• **WHAT THIS TASK INVOLVES**: Only the number is needed. Please count the lines below in which the word "Castelo" occurs.
START INPUT RECORDS
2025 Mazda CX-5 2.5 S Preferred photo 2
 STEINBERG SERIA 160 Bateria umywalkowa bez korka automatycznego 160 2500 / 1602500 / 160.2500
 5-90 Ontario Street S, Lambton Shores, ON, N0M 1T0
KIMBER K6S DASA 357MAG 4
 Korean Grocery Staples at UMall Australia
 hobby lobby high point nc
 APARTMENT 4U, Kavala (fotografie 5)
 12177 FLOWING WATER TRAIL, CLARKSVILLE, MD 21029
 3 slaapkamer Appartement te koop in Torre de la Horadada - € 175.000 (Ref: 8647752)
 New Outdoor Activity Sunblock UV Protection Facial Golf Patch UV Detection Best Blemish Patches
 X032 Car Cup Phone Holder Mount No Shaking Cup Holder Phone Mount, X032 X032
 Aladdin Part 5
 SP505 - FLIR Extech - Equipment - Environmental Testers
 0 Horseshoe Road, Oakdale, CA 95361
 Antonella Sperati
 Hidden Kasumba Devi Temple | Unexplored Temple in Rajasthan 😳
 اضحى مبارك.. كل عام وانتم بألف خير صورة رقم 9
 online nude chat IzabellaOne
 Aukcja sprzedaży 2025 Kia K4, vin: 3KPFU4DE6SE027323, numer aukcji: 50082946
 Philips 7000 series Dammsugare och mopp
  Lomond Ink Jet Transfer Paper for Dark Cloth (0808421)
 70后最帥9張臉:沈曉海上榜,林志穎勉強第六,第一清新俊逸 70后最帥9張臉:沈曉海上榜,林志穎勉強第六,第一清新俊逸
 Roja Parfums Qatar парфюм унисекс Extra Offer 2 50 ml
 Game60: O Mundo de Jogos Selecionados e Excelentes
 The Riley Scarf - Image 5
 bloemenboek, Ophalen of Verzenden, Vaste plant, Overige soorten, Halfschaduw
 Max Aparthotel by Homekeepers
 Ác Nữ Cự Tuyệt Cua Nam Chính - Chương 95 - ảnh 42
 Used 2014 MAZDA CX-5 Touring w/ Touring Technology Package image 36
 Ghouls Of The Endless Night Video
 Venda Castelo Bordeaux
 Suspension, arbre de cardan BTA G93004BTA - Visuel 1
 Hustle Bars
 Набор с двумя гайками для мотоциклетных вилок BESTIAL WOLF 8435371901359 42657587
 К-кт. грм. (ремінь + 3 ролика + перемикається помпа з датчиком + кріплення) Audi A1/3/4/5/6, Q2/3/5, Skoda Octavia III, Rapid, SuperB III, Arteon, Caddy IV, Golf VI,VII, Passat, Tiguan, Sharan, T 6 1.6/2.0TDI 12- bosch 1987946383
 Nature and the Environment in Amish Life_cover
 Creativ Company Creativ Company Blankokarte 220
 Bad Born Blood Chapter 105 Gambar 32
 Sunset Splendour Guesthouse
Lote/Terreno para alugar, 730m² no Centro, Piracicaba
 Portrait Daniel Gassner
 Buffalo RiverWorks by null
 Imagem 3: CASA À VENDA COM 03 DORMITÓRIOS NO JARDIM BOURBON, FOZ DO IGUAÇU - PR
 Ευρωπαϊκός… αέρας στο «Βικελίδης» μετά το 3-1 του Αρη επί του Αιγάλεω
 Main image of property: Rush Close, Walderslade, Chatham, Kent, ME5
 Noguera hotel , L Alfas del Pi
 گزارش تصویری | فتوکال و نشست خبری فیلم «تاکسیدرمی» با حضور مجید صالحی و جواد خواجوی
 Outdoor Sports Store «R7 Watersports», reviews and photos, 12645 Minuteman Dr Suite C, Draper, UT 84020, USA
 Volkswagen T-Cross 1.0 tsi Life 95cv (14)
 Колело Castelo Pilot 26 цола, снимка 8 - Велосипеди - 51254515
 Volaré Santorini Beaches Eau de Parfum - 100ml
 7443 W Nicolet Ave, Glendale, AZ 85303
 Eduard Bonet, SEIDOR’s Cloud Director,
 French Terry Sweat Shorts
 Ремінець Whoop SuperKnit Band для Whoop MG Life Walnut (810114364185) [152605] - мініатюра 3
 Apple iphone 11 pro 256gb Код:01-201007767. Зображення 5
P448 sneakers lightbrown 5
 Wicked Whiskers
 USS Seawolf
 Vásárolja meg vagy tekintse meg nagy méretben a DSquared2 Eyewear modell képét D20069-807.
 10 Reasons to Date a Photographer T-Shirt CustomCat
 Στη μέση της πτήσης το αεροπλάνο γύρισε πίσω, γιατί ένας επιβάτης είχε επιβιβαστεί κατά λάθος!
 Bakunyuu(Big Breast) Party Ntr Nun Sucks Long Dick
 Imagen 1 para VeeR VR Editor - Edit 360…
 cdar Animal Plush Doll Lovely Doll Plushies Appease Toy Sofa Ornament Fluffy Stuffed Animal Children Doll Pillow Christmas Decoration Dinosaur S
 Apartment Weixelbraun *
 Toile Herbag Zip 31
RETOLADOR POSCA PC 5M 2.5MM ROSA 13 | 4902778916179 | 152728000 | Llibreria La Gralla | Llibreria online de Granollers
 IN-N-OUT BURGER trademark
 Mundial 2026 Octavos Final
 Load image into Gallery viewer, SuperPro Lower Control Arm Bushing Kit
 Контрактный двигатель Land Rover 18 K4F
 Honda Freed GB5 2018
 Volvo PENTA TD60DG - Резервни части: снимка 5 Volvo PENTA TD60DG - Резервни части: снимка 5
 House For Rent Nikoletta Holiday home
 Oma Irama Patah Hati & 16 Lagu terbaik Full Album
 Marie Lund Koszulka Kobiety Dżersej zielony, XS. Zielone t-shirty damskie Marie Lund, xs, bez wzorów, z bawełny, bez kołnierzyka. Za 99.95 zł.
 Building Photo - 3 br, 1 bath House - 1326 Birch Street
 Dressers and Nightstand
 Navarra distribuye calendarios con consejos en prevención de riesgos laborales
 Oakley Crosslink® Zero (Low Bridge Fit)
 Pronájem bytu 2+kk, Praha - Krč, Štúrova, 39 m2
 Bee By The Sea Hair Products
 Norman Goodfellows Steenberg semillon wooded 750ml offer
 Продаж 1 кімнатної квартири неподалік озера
END INPUT RECORDS
• **RESPONSE BOX**: 2